• [Try it]
Leave out the images; return the rest of the data exactly.

::: Source information

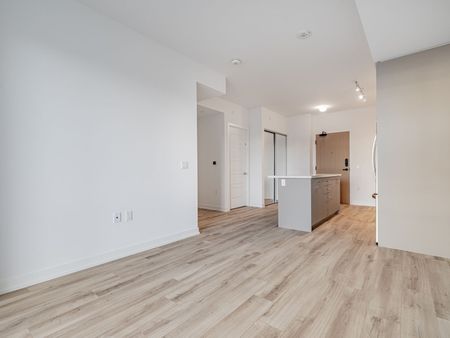 For Lease - 333 Sunseeker Avenue Unit# 230, Innisfil, Ontario - Photo 2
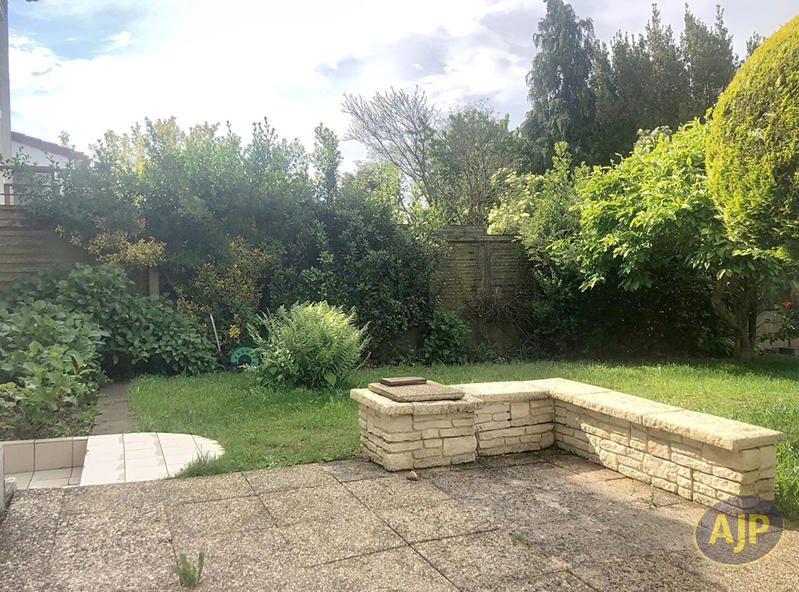 Maison - 122 m² - 6 pièces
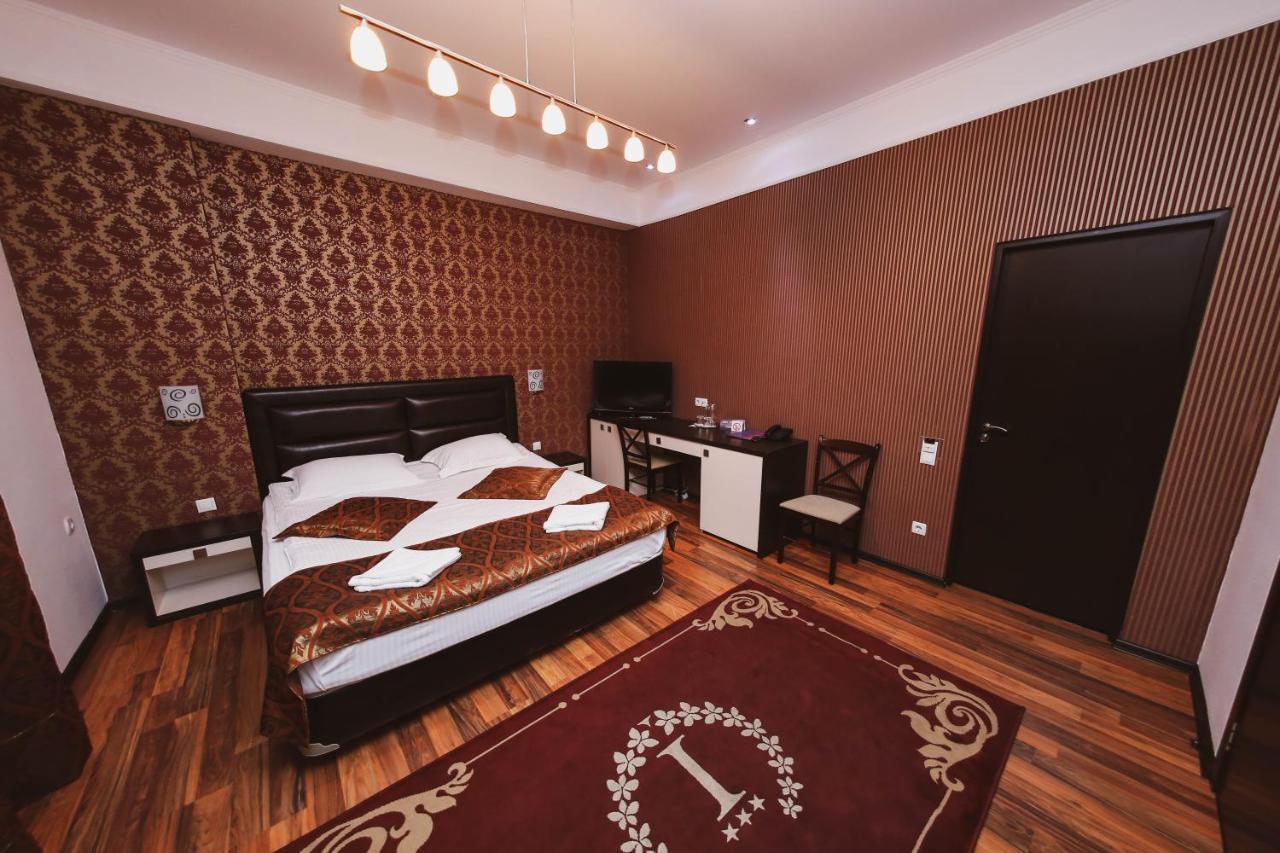 Iris Hotel Chisinau Ngoại thất bức ảnh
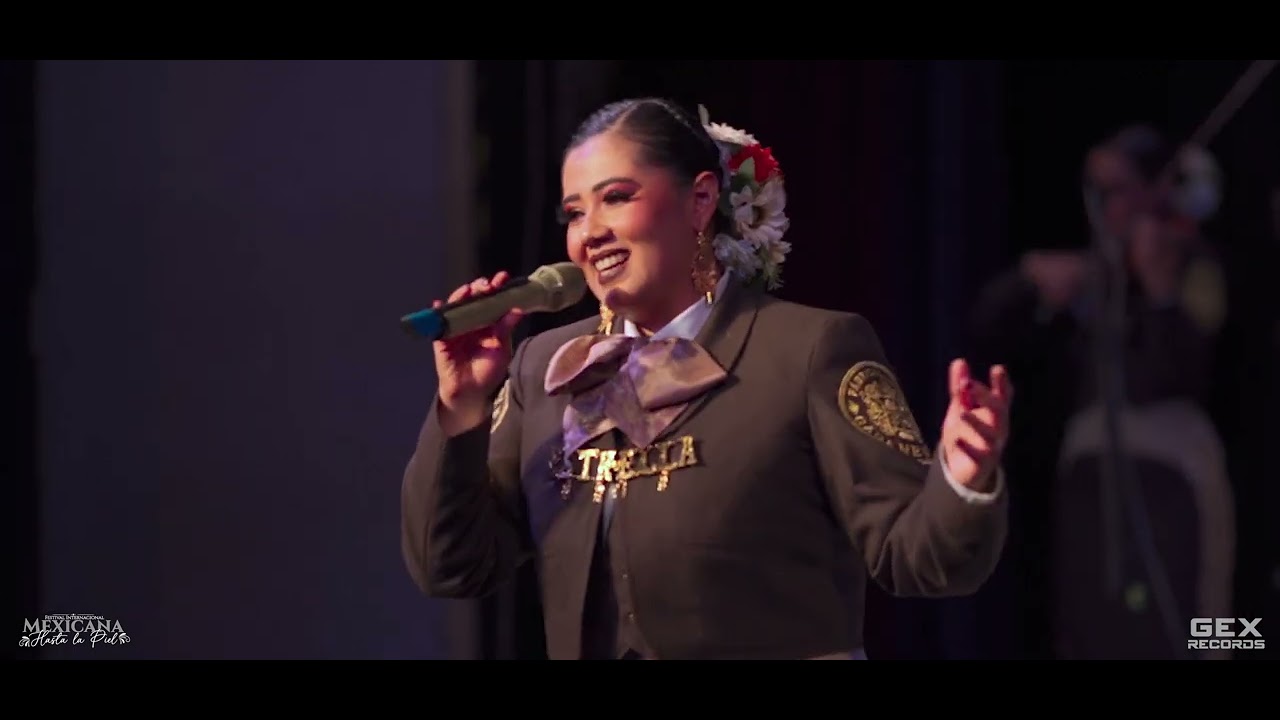Mariachi Femenil Estrella de México - Popurrí de mi Tierra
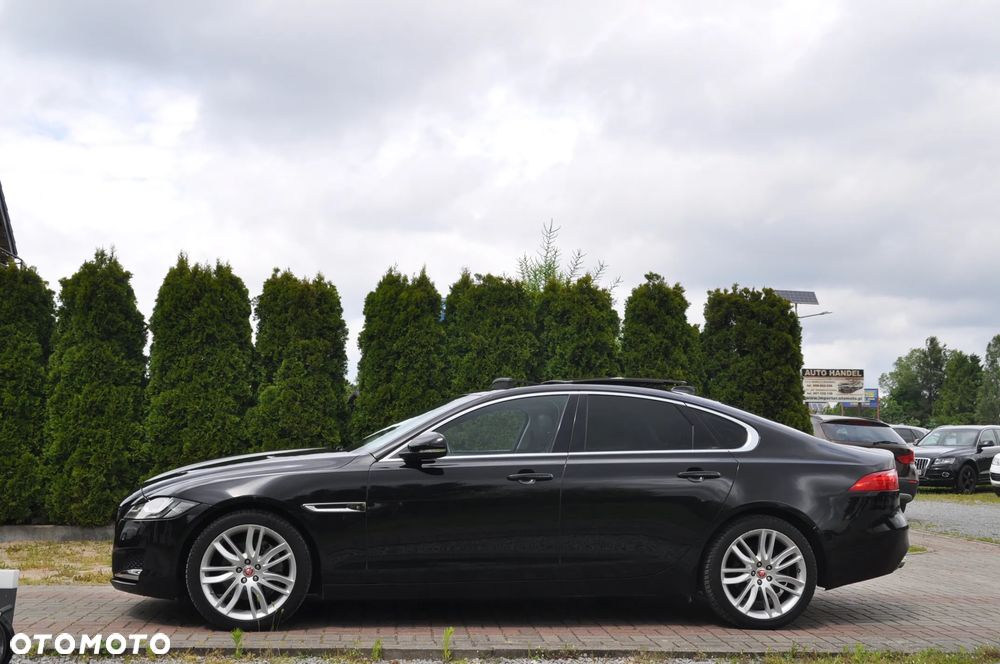 Jaguar XF 20d R-Sport Ingenium Edition - 8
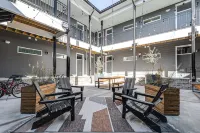 Super Walkable 2-bedroom w/ 5-Star Finishes!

::::::

• [Finished exercise]
 For Lease - 333 Sunseeker Avenue Unit# 230, Innisfil, Ontario - Photo 2
 Maison - 122 m² - 6 pièces
 Iris Hotel Chisinau Ngoại thất bức ảnh
Mariachi Femenil Estrella de México - Popurrí de mi Tierra
 Jaguar XF 20d R-Sport Ingenium Edition - 8
 Super Walkable 2-bedroom w/ 5-Star Finishes!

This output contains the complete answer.